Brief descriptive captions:
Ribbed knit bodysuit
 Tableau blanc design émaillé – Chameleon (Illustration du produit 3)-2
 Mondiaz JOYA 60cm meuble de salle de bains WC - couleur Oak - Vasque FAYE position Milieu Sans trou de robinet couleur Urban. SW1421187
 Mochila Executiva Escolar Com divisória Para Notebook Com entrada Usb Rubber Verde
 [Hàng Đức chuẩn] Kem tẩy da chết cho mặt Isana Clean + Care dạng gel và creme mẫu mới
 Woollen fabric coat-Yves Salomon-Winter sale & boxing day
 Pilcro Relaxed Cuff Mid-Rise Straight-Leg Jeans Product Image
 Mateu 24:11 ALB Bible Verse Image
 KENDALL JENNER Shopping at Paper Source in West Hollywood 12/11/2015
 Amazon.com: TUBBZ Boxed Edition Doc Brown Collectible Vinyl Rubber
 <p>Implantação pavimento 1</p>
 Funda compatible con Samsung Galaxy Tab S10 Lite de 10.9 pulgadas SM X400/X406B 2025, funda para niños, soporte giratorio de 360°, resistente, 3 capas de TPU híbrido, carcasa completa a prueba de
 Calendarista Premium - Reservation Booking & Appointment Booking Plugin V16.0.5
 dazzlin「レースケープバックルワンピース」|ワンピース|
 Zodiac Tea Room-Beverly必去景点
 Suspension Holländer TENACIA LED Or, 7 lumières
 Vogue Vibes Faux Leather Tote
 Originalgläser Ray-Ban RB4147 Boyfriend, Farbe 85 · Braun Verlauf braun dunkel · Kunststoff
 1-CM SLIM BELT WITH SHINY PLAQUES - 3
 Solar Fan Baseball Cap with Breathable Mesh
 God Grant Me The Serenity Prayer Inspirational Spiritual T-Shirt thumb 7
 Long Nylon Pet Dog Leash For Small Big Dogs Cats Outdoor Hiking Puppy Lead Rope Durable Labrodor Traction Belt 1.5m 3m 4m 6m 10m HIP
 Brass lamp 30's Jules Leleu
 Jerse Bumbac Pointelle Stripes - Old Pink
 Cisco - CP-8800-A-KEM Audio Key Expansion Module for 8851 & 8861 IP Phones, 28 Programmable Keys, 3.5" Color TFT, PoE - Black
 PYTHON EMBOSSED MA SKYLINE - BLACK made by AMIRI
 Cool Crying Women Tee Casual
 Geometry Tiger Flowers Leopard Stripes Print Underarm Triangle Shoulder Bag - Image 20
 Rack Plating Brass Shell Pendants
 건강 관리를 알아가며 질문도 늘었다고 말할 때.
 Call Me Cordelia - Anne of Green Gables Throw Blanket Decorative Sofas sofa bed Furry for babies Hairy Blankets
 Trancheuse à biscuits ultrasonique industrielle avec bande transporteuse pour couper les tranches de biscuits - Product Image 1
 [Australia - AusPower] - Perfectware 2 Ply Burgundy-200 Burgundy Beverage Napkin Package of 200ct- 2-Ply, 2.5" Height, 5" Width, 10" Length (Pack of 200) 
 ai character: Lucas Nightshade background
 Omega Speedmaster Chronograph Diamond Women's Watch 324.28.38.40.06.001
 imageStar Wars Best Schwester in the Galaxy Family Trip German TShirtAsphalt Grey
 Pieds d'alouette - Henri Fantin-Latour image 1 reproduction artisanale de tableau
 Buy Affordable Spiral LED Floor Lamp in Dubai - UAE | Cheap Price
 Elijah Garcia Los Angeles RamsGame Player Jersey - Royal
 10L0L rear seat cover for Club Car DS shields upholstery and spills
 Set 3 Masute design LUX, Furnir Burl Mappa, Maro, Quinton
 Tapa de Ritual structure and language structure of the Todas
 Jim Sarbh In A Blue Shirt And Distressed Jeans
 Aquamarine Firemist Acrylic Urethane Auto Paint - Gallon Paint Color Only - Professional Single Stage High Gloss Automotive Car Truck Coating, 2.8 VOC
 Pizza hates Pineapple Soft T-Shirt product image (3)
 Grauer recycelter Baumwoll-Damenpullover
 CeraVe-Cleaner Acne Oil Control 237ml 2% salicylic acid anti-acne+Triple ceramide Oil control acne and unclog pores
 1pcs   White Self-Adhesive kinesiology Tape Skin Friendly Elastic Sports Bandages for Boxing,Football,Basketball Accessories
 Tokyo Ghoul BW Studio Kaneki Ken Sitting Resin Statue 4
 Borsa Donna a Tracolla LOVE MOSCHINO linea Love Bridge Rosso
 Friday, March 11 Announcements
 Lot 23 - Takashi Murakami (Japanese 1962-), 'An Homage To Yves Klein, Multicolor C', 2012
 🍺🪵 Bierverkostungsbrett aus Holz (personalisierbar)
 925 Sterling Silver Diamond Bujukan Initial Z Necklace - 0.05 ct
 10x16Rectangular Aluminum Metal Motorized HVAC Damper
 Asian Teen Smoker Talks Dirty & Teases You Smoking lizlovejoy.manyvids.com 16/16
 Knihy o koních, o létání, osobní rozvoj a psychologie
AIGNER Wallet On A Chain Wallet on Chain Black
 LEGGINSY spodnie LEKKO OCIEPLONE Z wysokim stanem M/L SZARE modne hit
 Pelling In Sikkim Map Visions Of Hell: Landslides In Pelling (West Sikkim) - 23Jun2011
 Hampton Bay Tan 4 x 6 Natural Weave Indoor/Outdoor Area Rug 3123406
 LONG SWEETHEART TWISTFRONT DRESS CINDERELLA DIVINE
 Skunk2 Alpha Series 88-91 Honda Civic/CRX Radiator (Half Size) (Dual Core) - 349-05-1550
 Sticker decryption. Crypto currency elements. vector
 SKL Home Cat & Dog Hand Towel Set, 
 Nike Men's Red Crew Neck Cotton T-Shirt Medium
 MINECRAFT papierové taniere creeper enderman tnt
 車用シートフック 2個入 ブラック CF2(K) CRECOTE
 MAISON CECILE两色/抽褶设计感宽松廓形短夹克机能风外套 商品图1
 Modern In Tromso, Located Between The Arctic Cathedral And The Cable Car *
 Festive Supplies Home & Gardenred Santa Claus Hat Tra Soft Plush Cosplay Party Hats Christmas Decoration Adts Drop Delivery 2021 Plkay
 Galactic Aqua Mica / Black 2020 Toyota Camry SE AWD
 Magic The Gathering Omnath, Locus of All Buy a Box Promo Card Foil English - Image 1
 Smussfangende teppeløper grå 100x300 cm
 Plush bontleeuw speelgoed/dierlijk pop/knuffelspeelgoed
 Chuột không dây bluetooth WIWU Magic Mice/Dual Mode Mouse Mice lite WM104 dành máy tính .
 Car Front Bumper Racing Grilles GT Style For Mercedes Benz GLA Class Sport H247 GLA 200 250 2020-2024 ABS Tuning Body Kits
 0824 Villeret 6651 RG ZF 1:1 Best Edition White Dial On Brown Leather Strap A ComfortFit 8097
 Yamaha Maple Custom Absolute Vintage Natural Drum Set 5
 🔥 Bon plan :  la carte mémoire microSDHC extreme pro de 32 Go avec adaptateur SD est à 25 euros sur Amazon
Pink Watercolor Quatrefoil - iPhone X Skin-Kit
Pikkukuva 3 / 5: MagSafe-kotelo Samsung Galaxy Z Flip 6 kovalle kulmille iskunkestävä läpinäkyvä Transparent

◆ WORK ORDER ◆
Would you repeat the lines from the one containing "Car Front Bumper" through the end of the data, exactly, with nothing before or after them?

◆ COMPLETED EXERCISE ◆
 Car Front Bumper Racing Grilles GT Style For Mercedes Benz GLA Class Sport H247 GLA 200 250 2020-2024 ABS Tuning Body Kits
 0824 Villeret 6651 RG ZF 1:1 Best Edition White Dial On Brown Leather Strap A ComfortFit 8097
 Yamaha Maple Custom Absolute Vintage Natural Drum Set 5
 🔥 Bon plan :  la carte mémoire microSDHC extreme pro de 32 Go avec adaptateur SD est à 25 euros sur Amazon
Pink Watercolor Quatrefoil - iPhone X Skin-Kit
Pikkukuva 3 / 5: MagSafe-kotelo Samsung Galaxy Z Flip 6 kovalle kulmille iskunkestävä läpinäkyvä Transparent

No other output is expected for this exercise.